Alcuni pronosticano che tra qualche mese questi depositi saranno pieni, quindi incapaci di assorbire nuovi travasi. E allora, il prezzo del petrolio non potrebbe che cadere come un sasso, forse addirittura verso 10 dollari al barile. Royal Bank of Scotland prevede per esempio che il prezzo possa toccare quota 16 dollari. Ma anche chi non è così pessimista, considera gli immensi stoccaggi di petrolio esistenti come un peso sulle future quotazioni dell’energia, perché, presto o tardi, in un modo o nell’altro, finiranno sul mercato. La Bca Research, una società di ricerca indipendente, propone un grafico molto interessante, pubblicato a pagina 12. Il grafico traccia l’andamento del petrolio in termini reali (cioè al netto dell’inflazione) dal 1900 in avanti. E si nota, che eccezion fatta per periodi transitori di boom o di crollo, il prezzo del greggio tende a mantenersi costante.
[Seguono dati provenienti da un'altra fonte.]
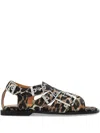 Ganni Feminine Buckle Flat Strap Sandals Leopard In Brown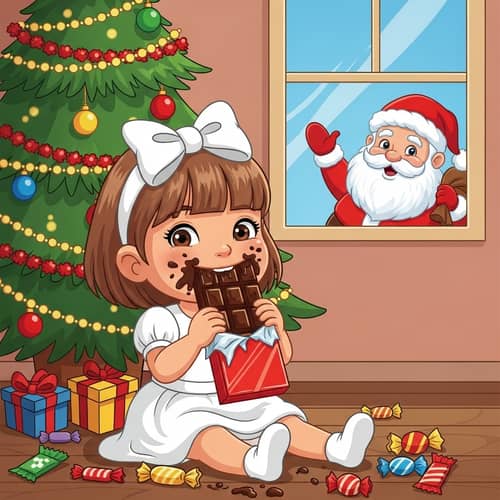 Adorable Hispanic Girl Biting Chocolate Bar at Christmas Tree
Bca Research ha ripetuto l’analisi per l’intero gruppo delle materie prime lungo addirittura 350 anni, giungendo al medesimo risultato: le materie prime, incluso il petrolio, tendono nel lungo termine a crescere né più né meno che al tasso medio degli altri prezzi, cioè dell’inflazione.
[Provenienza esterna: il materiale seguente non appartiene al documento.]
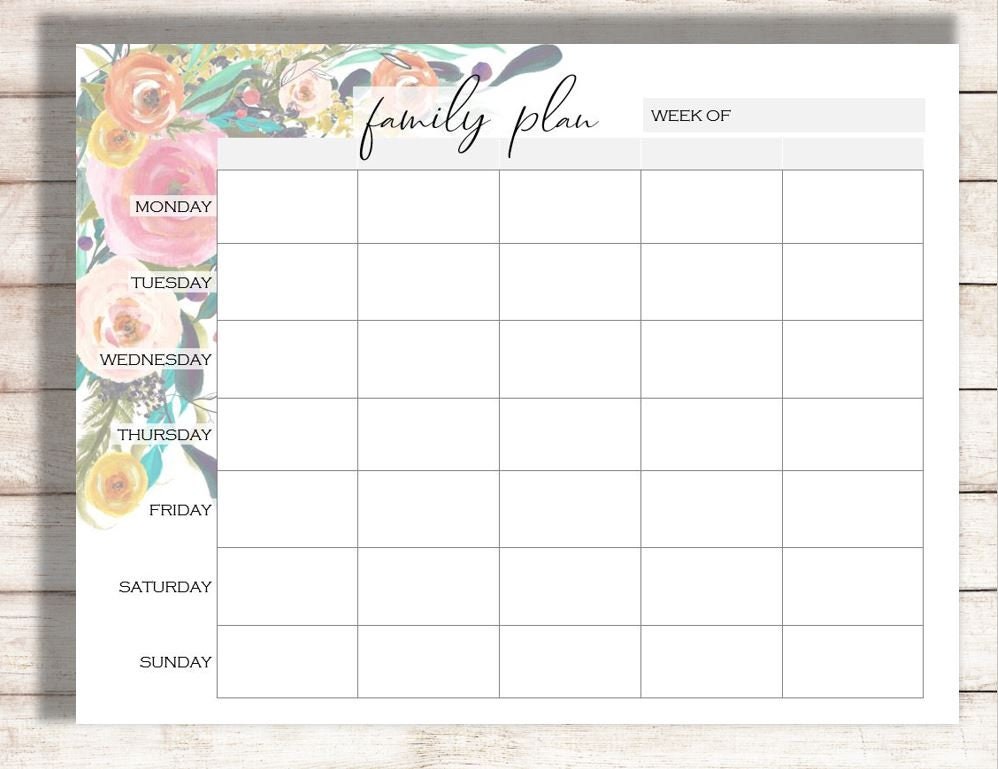 Monthly Family Calendar Free Printable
A volte capita che si scolli da questa traiettoria, per esempio in risposta all’industrializzazione della Cina, ma poi le nuove tecnologie consentono di accrescere l’offerta e il prezzo dell’energia torna indietro verso l’equilibrio di lungo termine. Il prezzo del petrolio è superiore del 15% circa al valore medio multisecolare, che è intorno a 25 dollari al barile. Naturalmente in questi casi, nulla toglie che si possa passare da un eccesso all’altro, con punte sotto i 20 dollari al barile. Lo schianto del barile ha naturalmente innescato una netta contrazione degli investimenti. Sia l’Opec sia l’Agenzia Internazionale per l’Energia stimano un taglio degli investimenti del 20% nel 2015. I piccoli petrolieri americani cominciano ad andare a gambe all’aria, con le relative obbligazioni spazzatura che hanno subito gravi flessioni verso fine anno. Metà dei petrolieri canadesi è in perdita e più profonde sofferenze accompagneranno il 2016. Di conseguenza, stime attendibili annunciano una riduzione di circa 1 milione di barili al giorno dell’offerta dei produttori nordamericani e di 1,5 milioni quella delle più costose produzioni offshore.
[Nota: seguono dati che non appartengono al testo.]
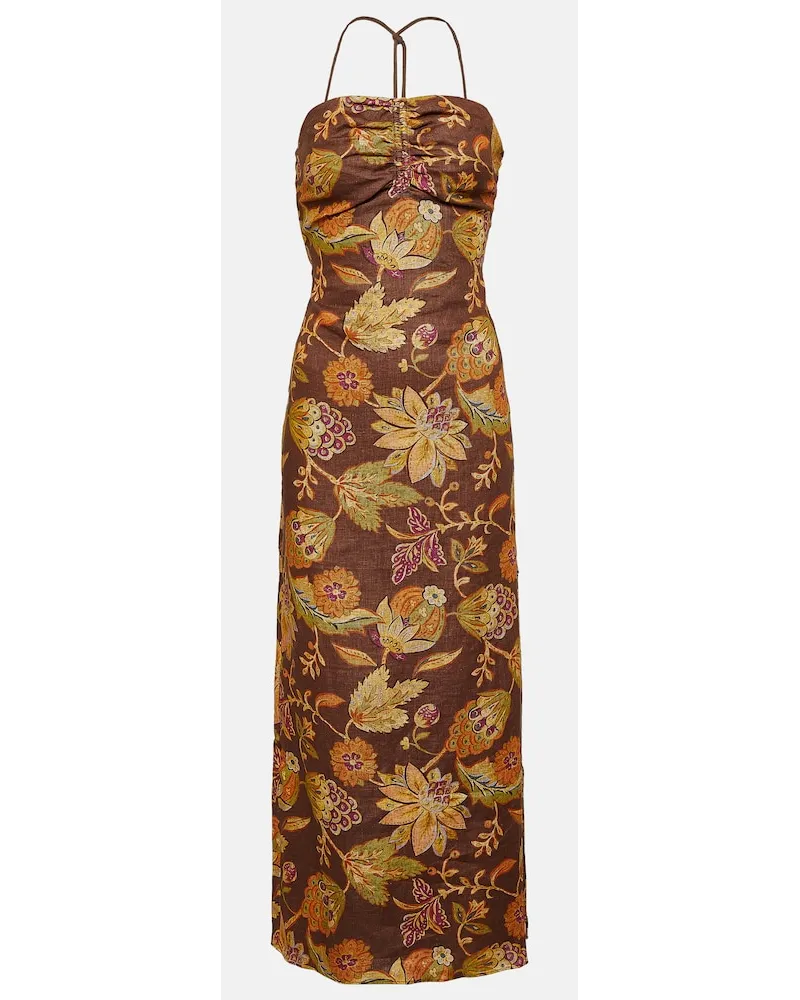 SIR Abito midi Josefina in lino con stampa Multicolore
Al contempo, se non si verifica una recessione globale, la domanda internazionale dovrebbe crescere di circa 1,2 milioni di barili. E con un po’ di fortuna, nella seconda metà dell’anno il mercato petrolifero dovrebbe ritrovare un certo equilibrio, dopo essere prima scivolato verso i 20 dollari al barile. Ma come osservava a ragione il grande fisico nucleare, Niels Bohr, fare previsioni è difficile, specialmente riguardo al futuro. Così molti eventi potrebbero ancora spingere le quotazioni in una direzione o nell’altra. Per esempio, una maggiore produzione petrolifera irakena e iraniana, come accennato in precedenza, oppure una recessione in Occidente potrebbe spingere i prezzi verso 10 dollari al barile. Al contrario, l’inasprirsi della mai celata acredine tra Iran e l’Arabia Saudita di re Salman bin Abud al-Aziz Alk Saud potrebbe mettere le ali ai prezzi e invertire la tendenza in un battibaleno. Cosa che a Riyadh a parte tutto farebbe molto comodo considerata l’elefantiasi del proprio settore pubblico. Foraggiato naturalmente dal petrolio.